**Data excerpt:**

• • • • •

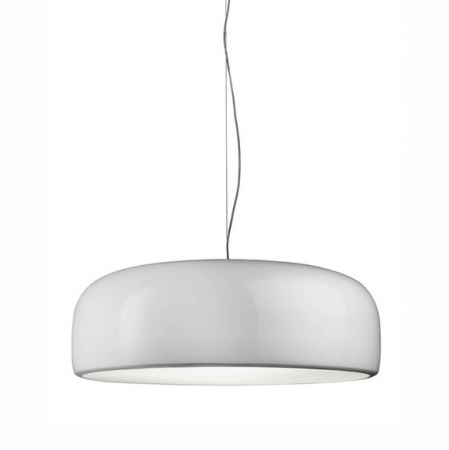 Lustre - Lustra rotunda alba/neagra 60 cm ∅ Guido cu finisaj lucios, aluminiu, D6612-L.W - King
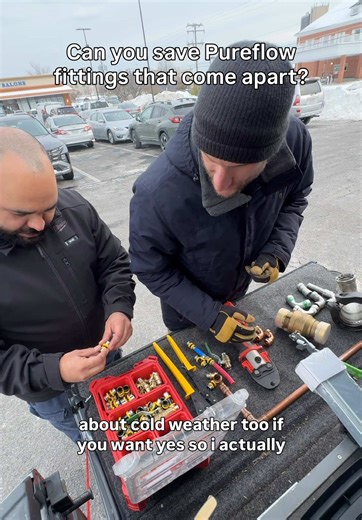 Did you know if your @Viega LLC Pureflow fittings come apart you can just put them back together? This is only for the plastic polymer and not for the bronze ones! Got questions on using Viega’s Pureflow piping or fittings? Comment below! #viega #pureflow #plumbing #luismasterplumber #tipsandtricks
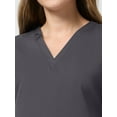 thumbnail image 3 of Scrubstar Ultimate Women’s Antimicrobial Welt Pocket V-Neck Scrub Top, Sizes XS–3XL, 3 of 9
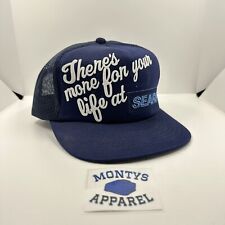 Vintage 90's Sears Snapback Trucker Hat/Cap "There's More For Your Life" (Blue)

• • • • •

Everything but the pictures is needed: copy the data above exactly.

 Lustre - Lustra rotunda alba/neagra 60 cm ∅ Guido cu finisaj lucios, aluminiu, D6612-L.W - King
 Did you know if your @Viega LLC Pureflow fittings come apart you can just put them back together? This is only for the plastic polymer and not for the bronze ones! Got questions on using Viega’s Pureflow piping or fittings? Comment below! #viega #pureflow #plumbing #luismasterplumber #tipsandtricks
 thumbnail image 3 of Scrubstar Ultimate Women’s Antimicrobial Welt Pocket V-Neck Scrub Top, Sizes XS–3XL, 3 of 9
 Vintage 90's Sears Snapback Trucker Hat/Cap "There's More For Your Life" (Blue)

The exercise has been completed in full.